Needs? I guess that is what bothers so many folks. They keep expanding their needs until they are dependent on too many things and too many other people. I don’t understand economics, and I suppose the country would be in a real mess if people suddenly cut out a lot of things they don’t need. I wonder how many things in the average American home could be eliminated if the question were asked, “Must I really have this?” I guess most of the extras are chalked up to comfort or saving time.

Funny thing about comfort—one man’s comfort is another man’s misery. Most people don’t work hard enough physically anymore, and comfort is not easy to find. It is surprising how comfortable a hard bunk can be after you come down off a mountain.

I’ve seen grown men pick at food. They can’t be hungry in the first place.
Or maybe their food has been too fancy and with all the choices they’ve had, they don’t really know what they enjoy anymore.
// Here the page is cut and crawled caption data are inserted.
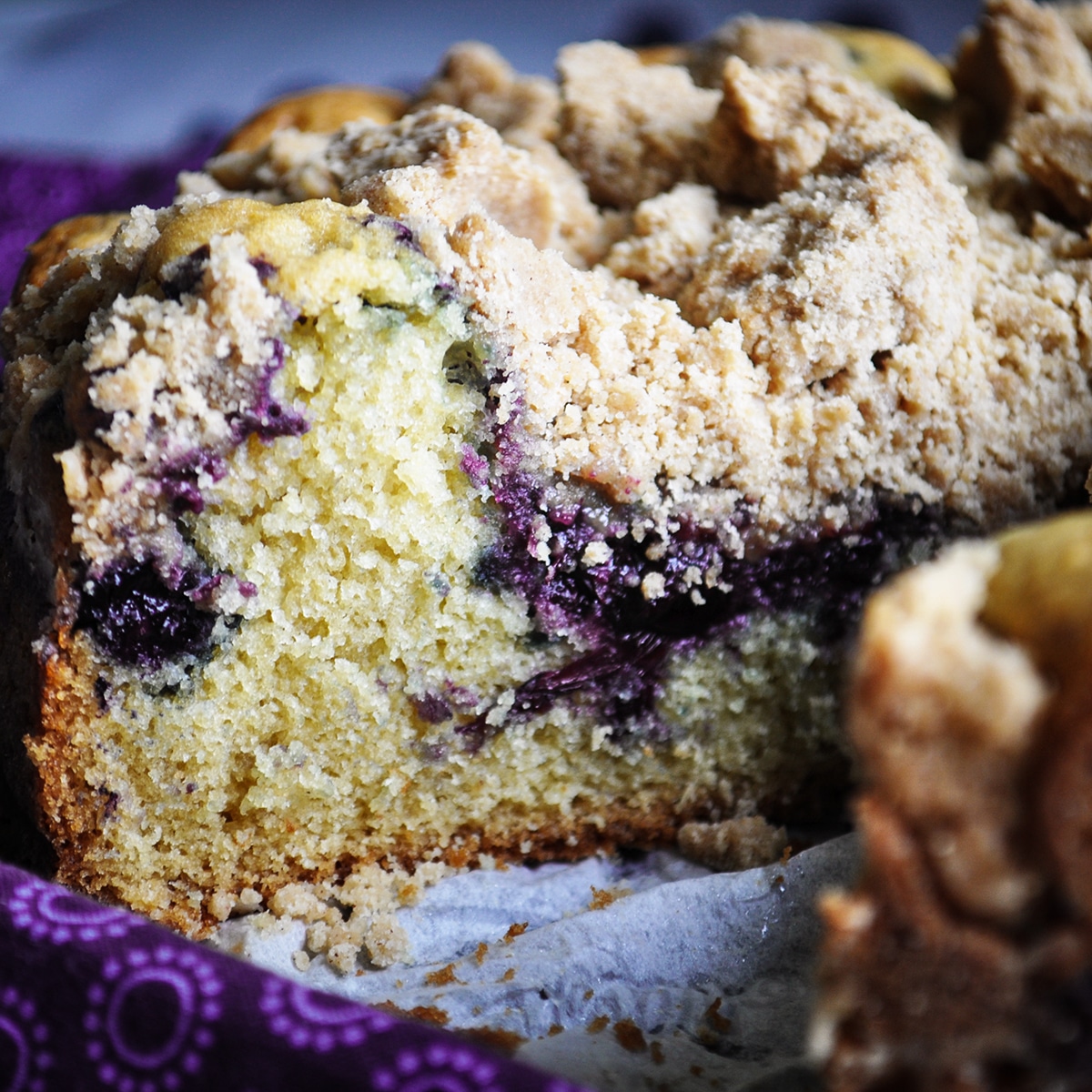 A blueberry coffee cake with one slice cut from it.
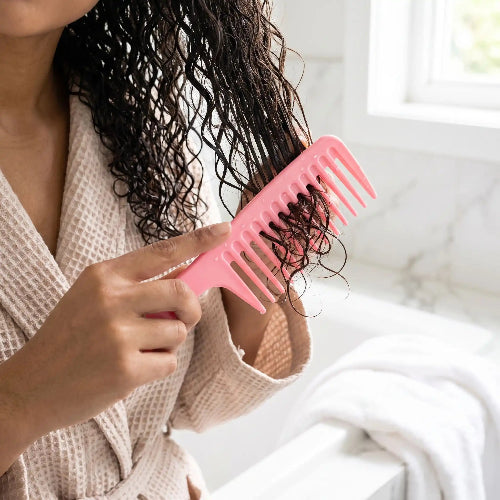 Peigne grande dent rose utilise par une femme en peignoir beige pour demeler ses cheveux boucles mouilles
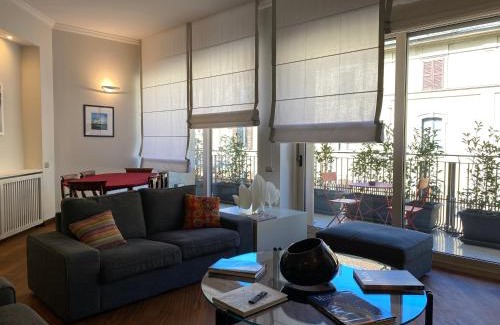 San Vittore Apartment | Dormire tra foto d’autore
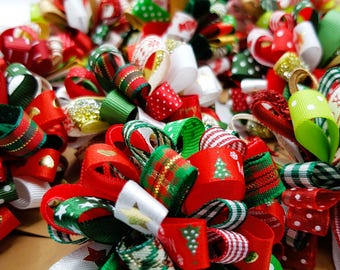May include: A close-up of a collection of Christmas-themed hair bows. The bows are made of red, green, and white ribbon with various patterns, including polka dots, stripes, and plaid. The bows are arranged in a cluster, creating a festive and colorful display.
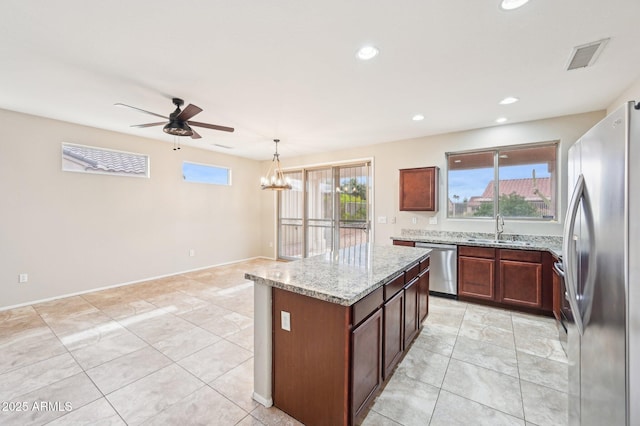 kitchen with light stone countertops, ceiling fan with notable chandelier, appliances with stainless steel finishes, and a sink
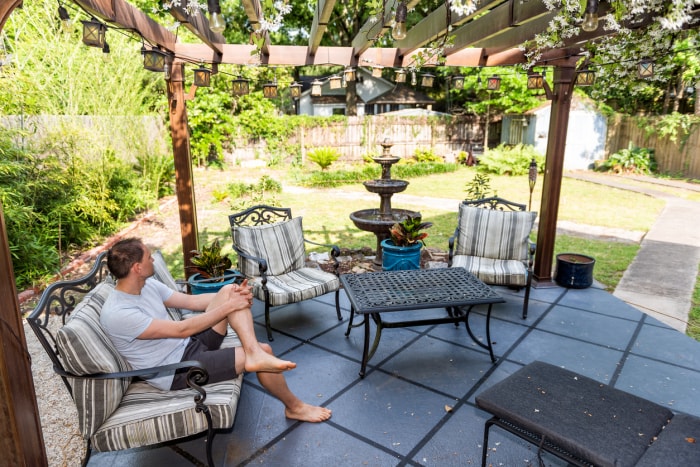 Homme assis sous une pergola dans le jardin avec des meubles de patio foncés et une fontaine.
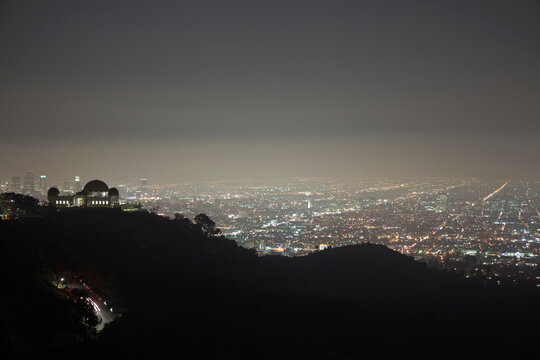 Night fog settling into the hills above Griffith Park in Los Angeles, California.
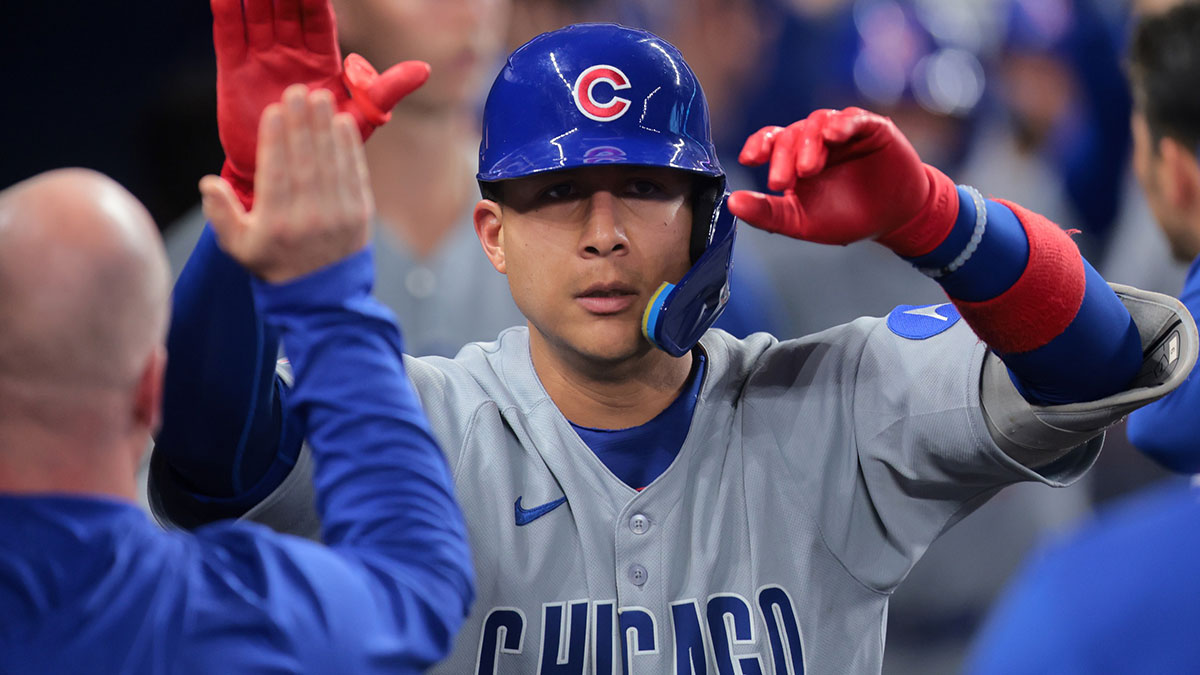 Chicago Cubs catcher Miguel Amaya (9) celebrates with teammates after hitting a three-run home run against the Miami Marlins during the fourth inning at loanDepot Park.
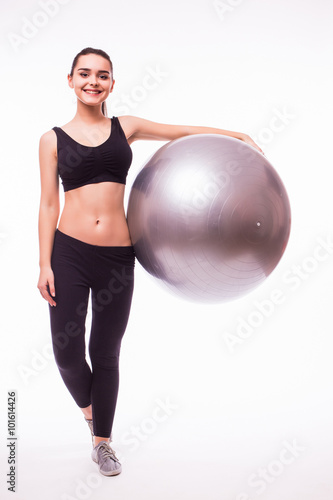 woman making exercise with pilates ball, against white background © F8  \ Suport Ukraine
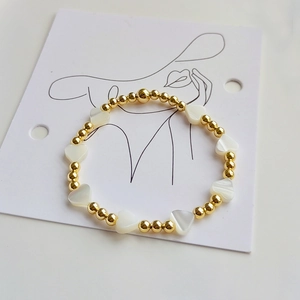 18K gold-plated beaded elastic bracelet featuring natural shell heart charms for women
What a man never has, he never misses. I learned something from the big game animals. Their food is pretty much the same from day to day. I don’t vary my fare too much either, and I’ve never felt better in my life. I don’t confuse my digestive system, I just season simple food with hunger. Food is fuel, and the best fuel I have found is oatmeal and all the stuff you can mix with it, like raisins and honey and brown sugar; meat and gravy and sourdough biscuits to sop up the juices with; a kettle of beans you can dip into every day; rice or spuds with fish, and some fresh greens now and then.

I enjoy working for my heat. I don’t just press a button or twist a thermostat dial. I use the big crosscut saw and the axe, and while I’m getting my heat supply I’m working up an appetite that makes simple food just as appealing as anything a French chef could create. I’ve never found anything I like better to drink than Hope Creek water. The good feeling I get out of lungfuls of mountain air and draughts of sweet water from the snows is probably as good as any “high” I would get out of a bottle or a pill. But of course not many have a chance to live in unspoiled country.

I have learned patience, learned to take my time and try to do a job right by first figuring it out. No sense to rushing and going off half cocked; there’s plenty of time out here. No sense complaining if the weather turns sour—make your job fit the day. Grandmother Nature is in control, and you better just wait until she sees fit to give you the weather that is right for another job you have to do.

Distance is relative. You learn that in time. A trip for me down to the lower end of the lower lake takes three hours by canoe if I don’t have the wind to fight. That’s a distance of about eight and a half miles. With a motor on the canoe I could make the trip in under an hour, but a motor’s noise stills the sounds of the wilderness.